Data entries
┌────────

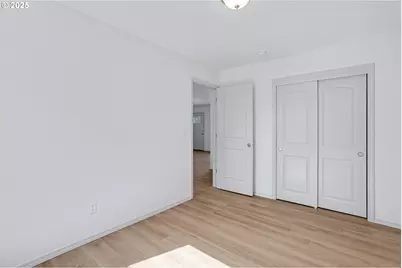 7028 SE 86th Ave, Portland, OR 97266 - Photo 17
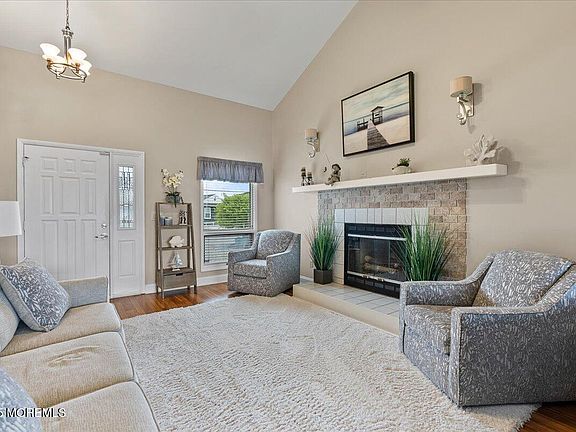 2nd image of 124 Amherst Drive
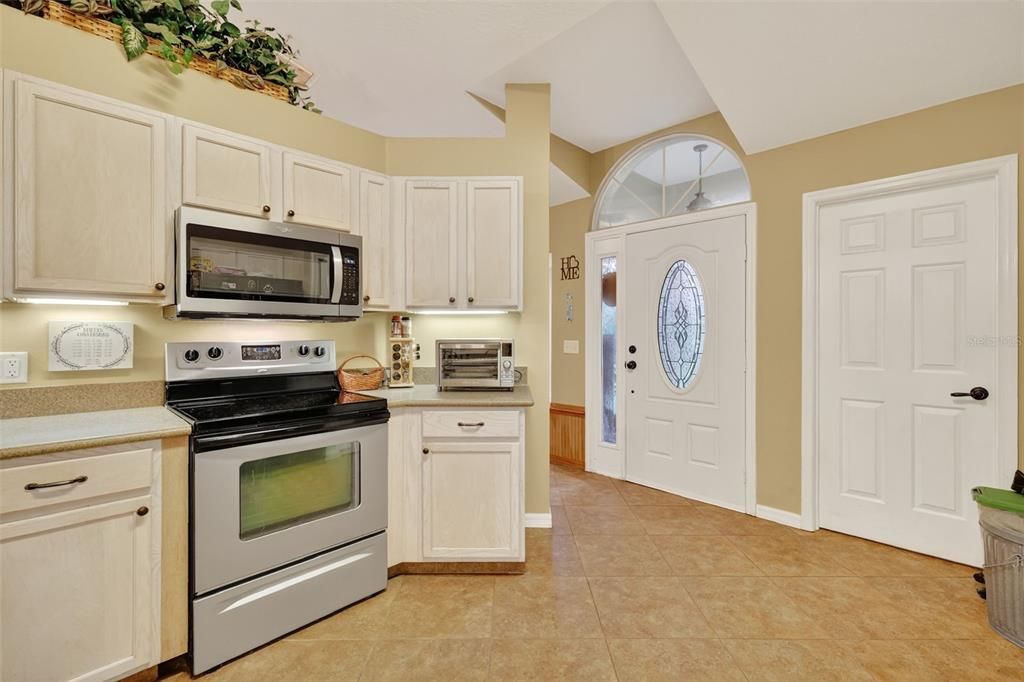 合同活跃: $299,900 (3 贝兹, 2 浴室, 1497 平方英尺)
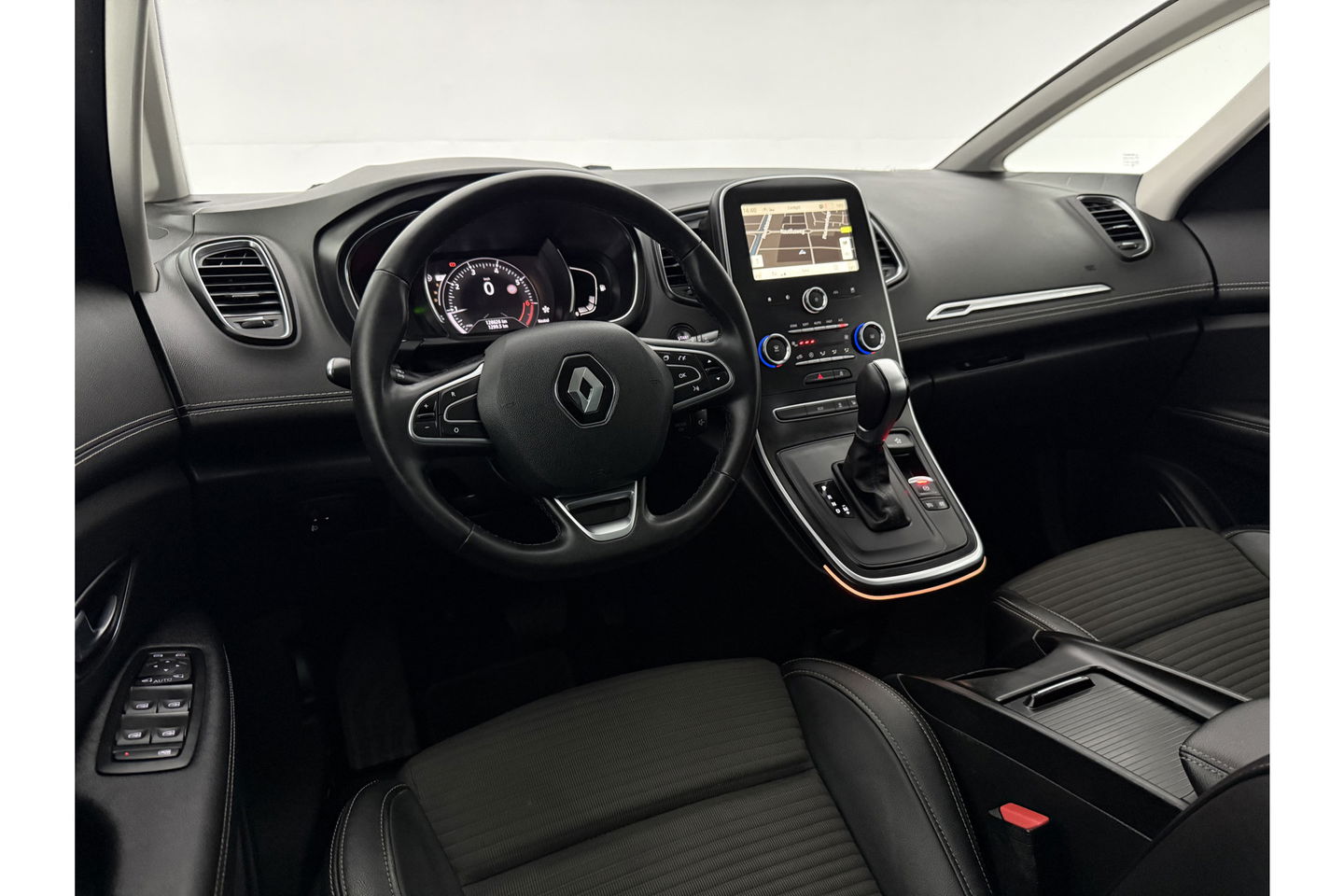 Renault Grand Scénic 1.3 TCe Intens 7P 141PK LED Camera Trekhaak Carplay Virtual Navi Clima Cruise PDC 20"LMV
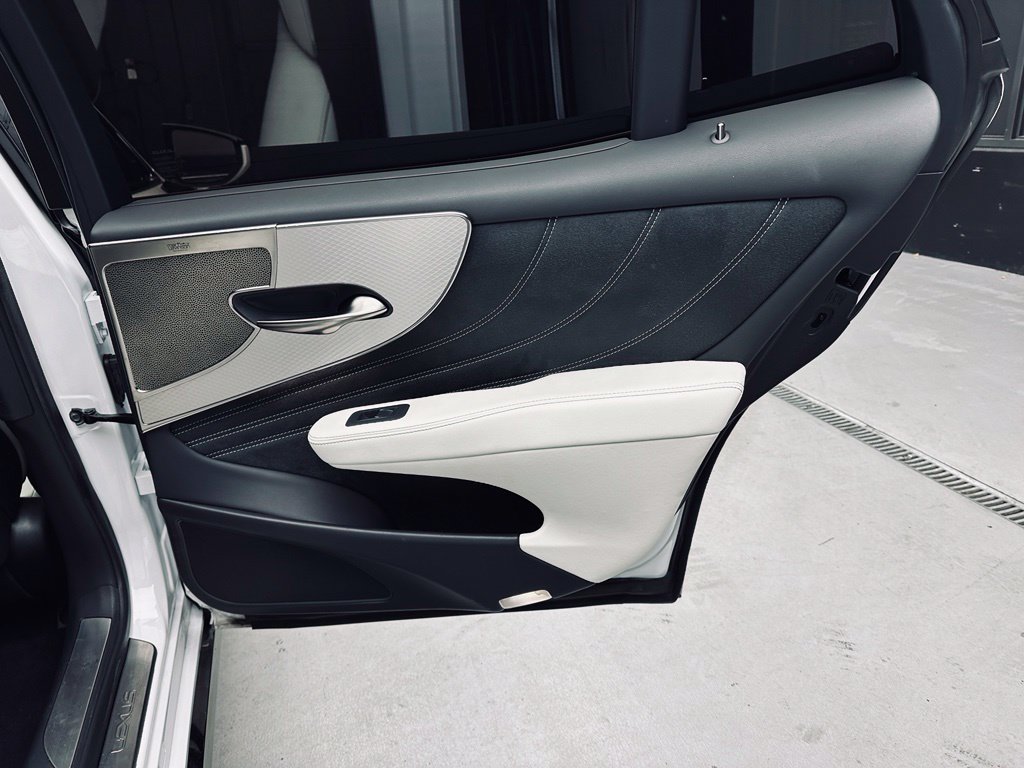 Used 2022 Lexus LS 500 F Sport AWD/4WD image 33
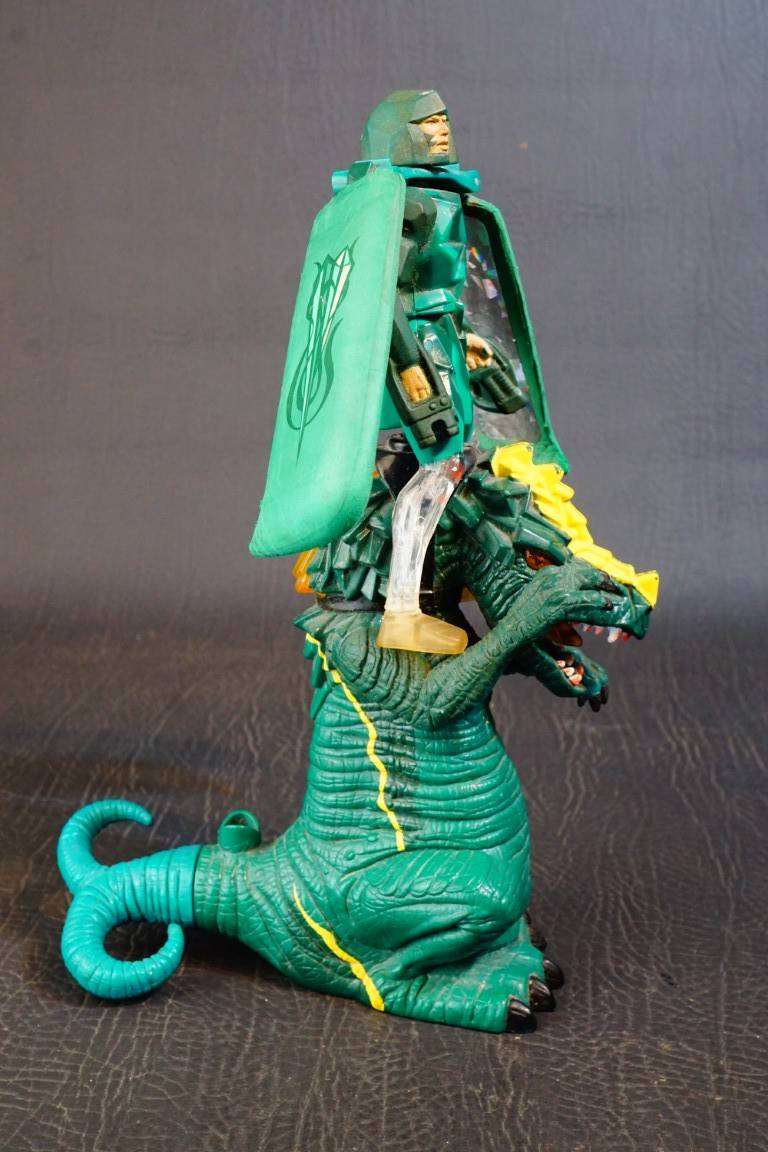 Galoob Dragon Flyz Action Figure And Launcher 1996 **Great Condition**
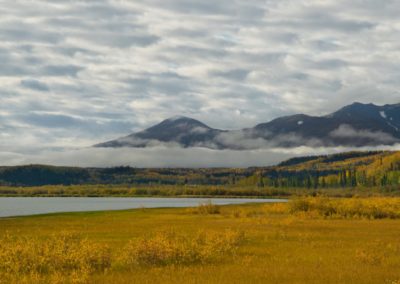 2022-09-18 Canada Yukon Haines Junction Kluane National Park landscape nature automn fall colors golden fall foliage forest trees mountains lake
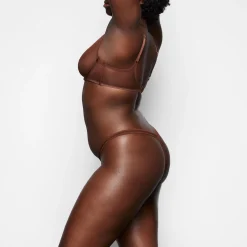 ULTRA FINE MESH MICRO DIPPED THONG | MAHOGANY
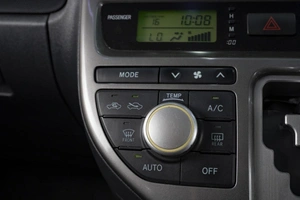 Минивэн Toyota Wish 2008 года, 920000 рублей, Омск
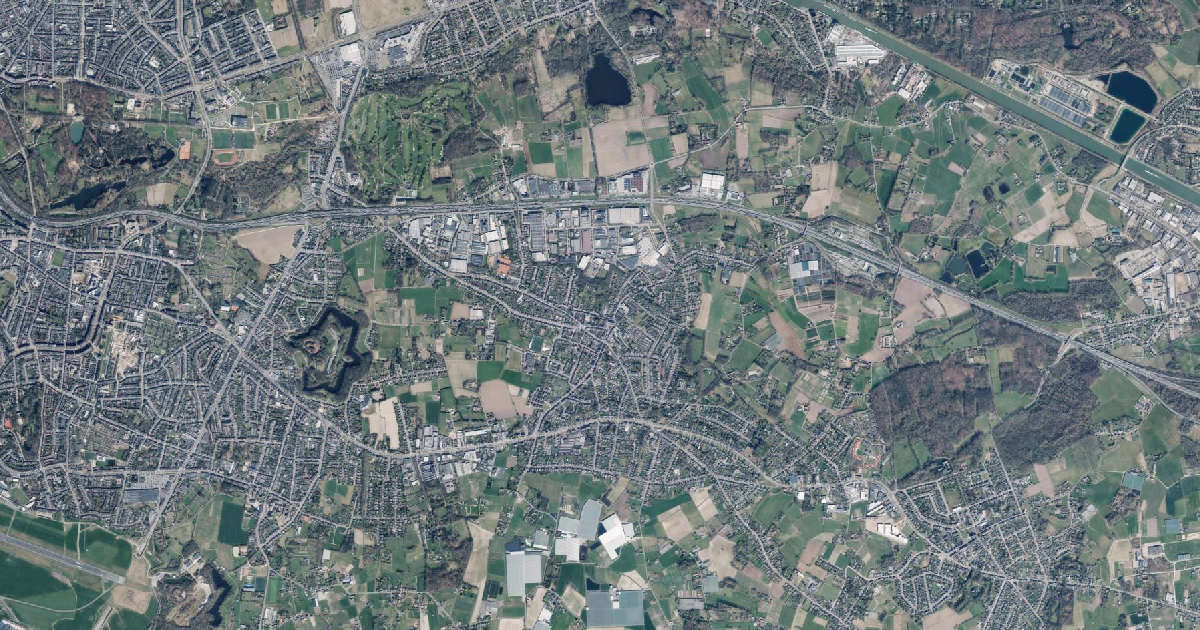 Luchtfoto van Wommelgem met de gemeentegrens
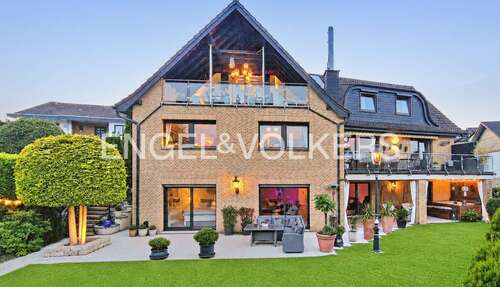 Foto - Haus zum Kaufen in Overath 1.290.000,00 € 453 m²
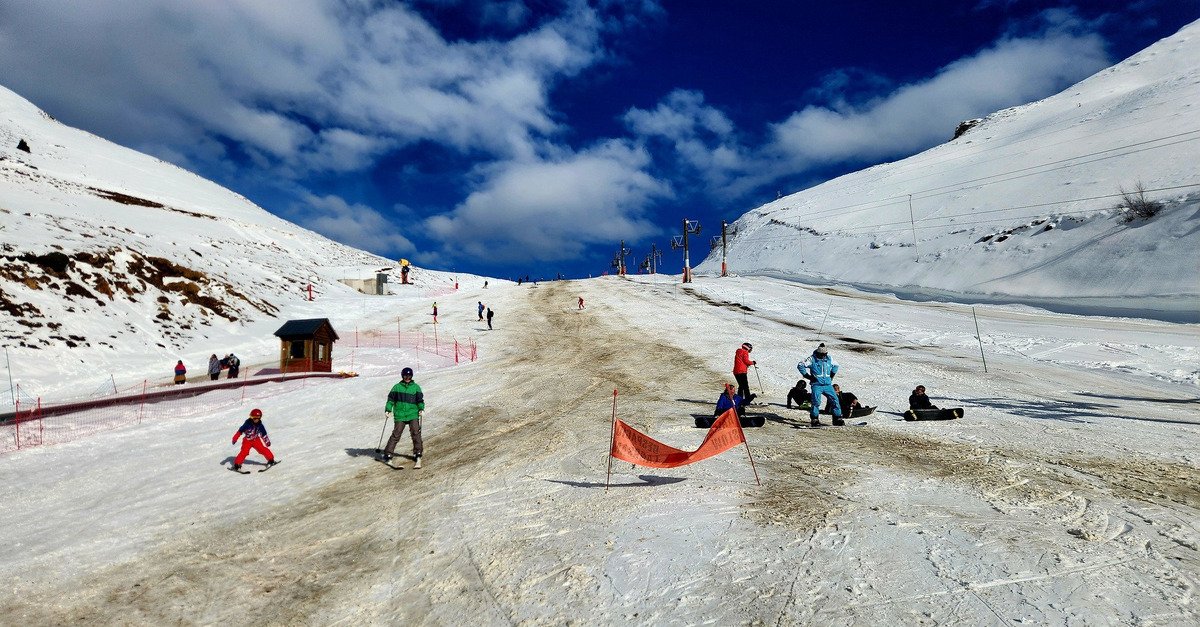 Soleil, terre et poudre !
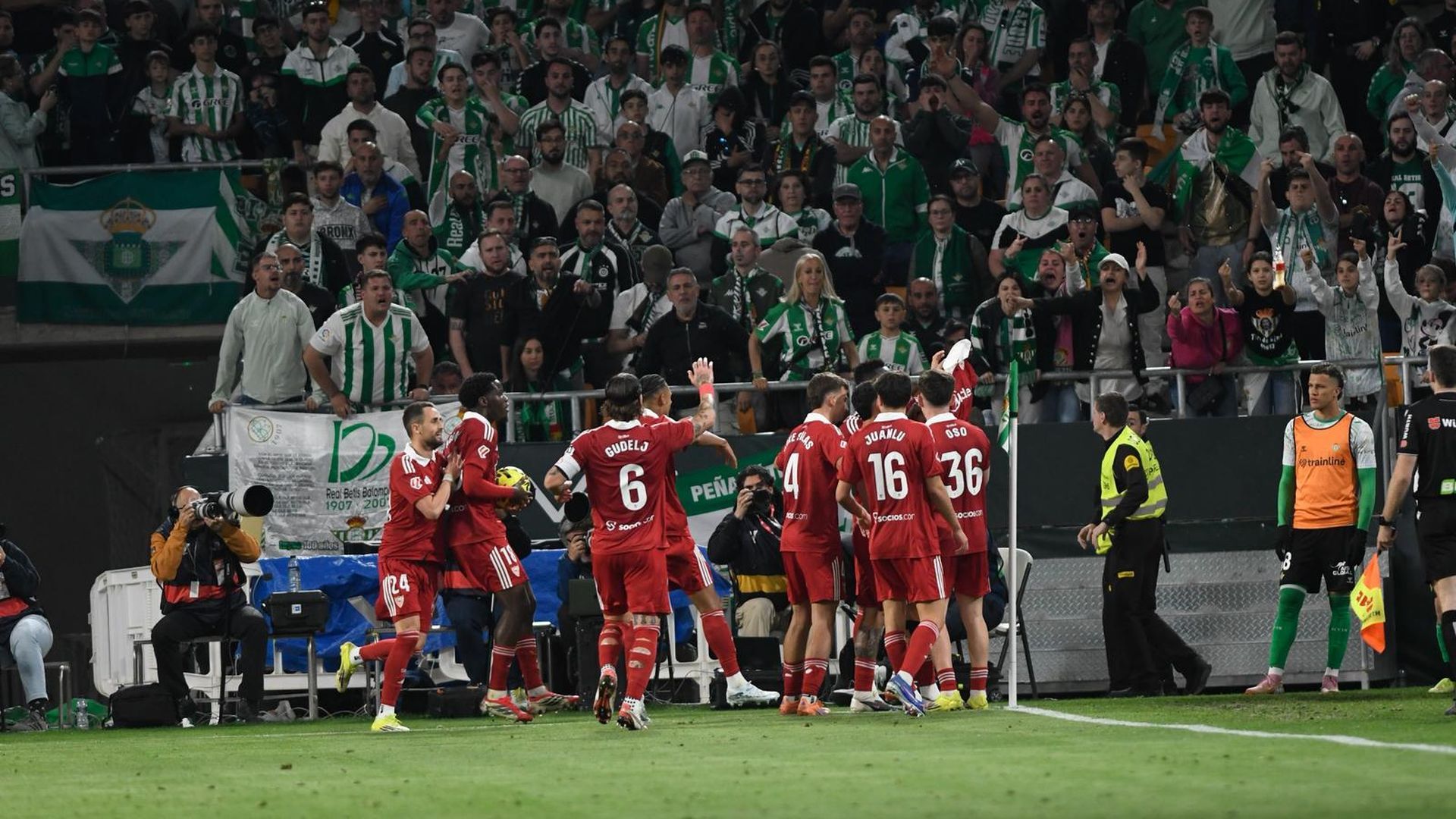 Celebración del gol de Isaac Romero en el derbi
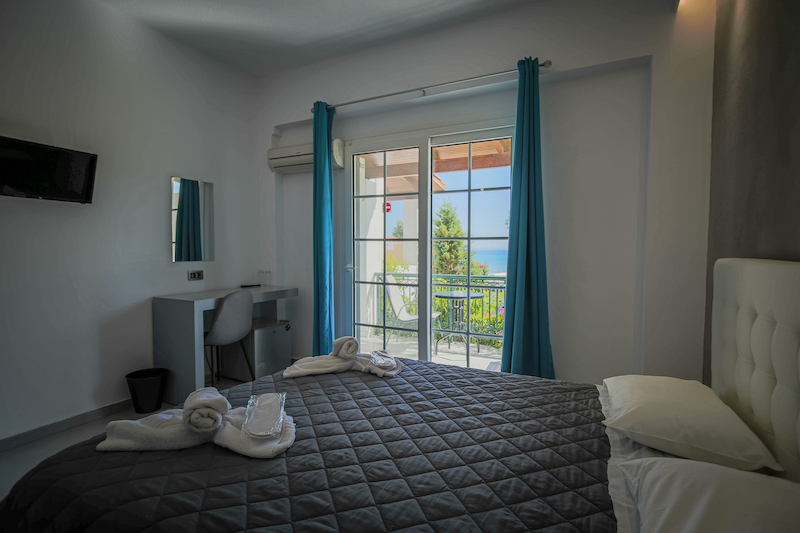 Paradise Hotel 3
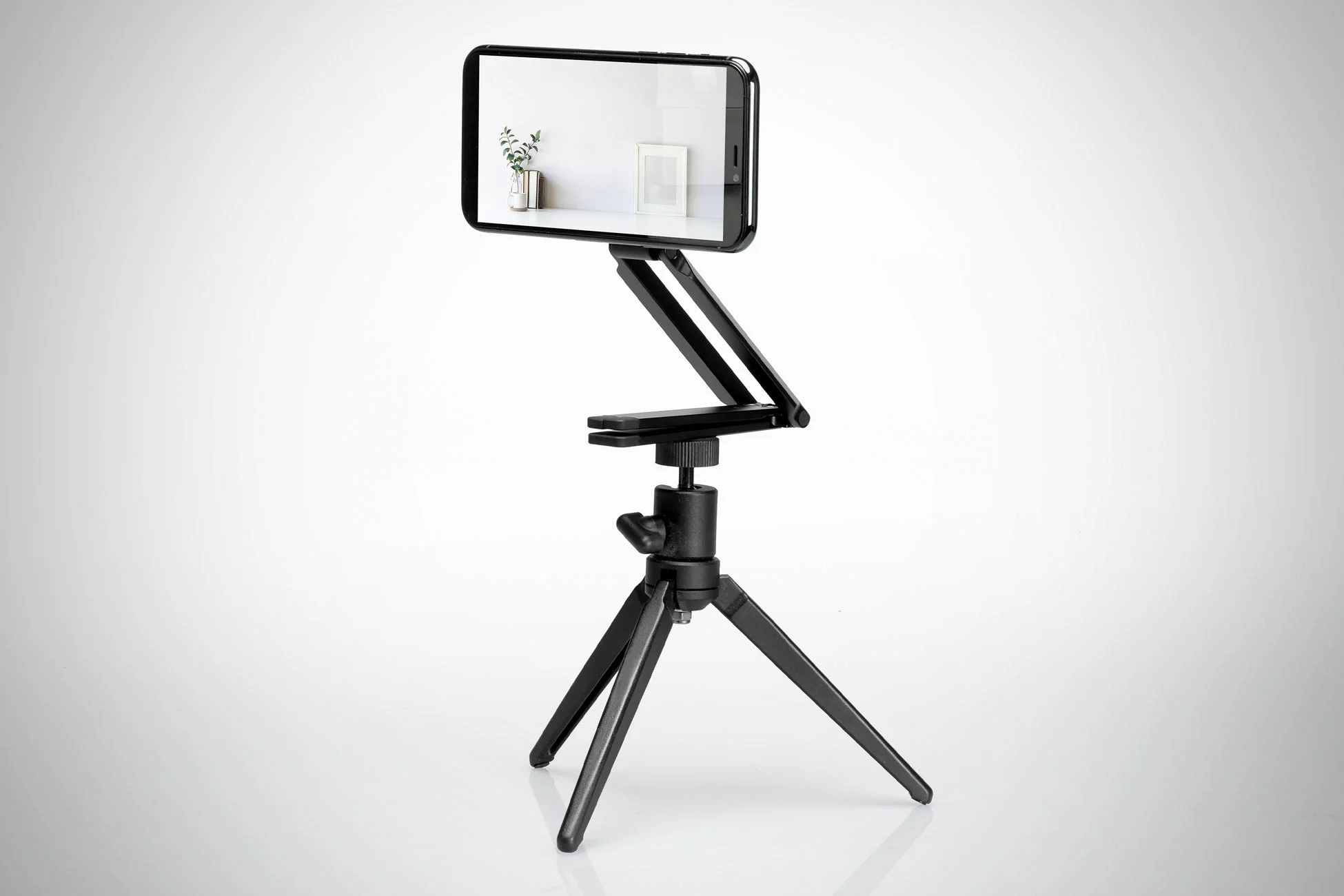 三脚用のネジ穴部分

└────────

An exact copy of every entry above is needed, minus the pictures.

 7028 SE 86th Ave, Portland, OR 97266 - Photo 17
 2nd image of 124 Amherst Drive
 合同活跃: $299,900 (3 贝兹, 2 浴室, 1497 平方英尺)
 Renault Grand Scénic 1.3 TCe Intens 7P 141PK LED Camera Trekhaak Carplay Virtual Navi Clima Cruise PDC 20"LMV
 Used 2022 Lexus LS 500 F Sport AWD/4WD image 33
 Galoob Dragon Flyz Action Figure And Launcher 1996 **Great Condition**
 2022-09-18 Canada Yukon Haines Junction Kluane National Park landscape nature automn fall colors golden fall foliage forest trees mountains lake
 ULTRA FINE MESH MICRO DIPPED THONG | MAHOGANY
 Минивэн Toyota Wish 2008 года, 920000 рублей, Омск
 Luchtfoto van Wommelgem met de gemeentegrens
 Foto - Haus zum Kaufen in Overath 1.290.000,00 € 453 m²
 Soleil, terre et poudre !
 Celebración del gol de Isaac Romero en el derbi
 Paradise Hotel 3
 三脚用のネジ穴部分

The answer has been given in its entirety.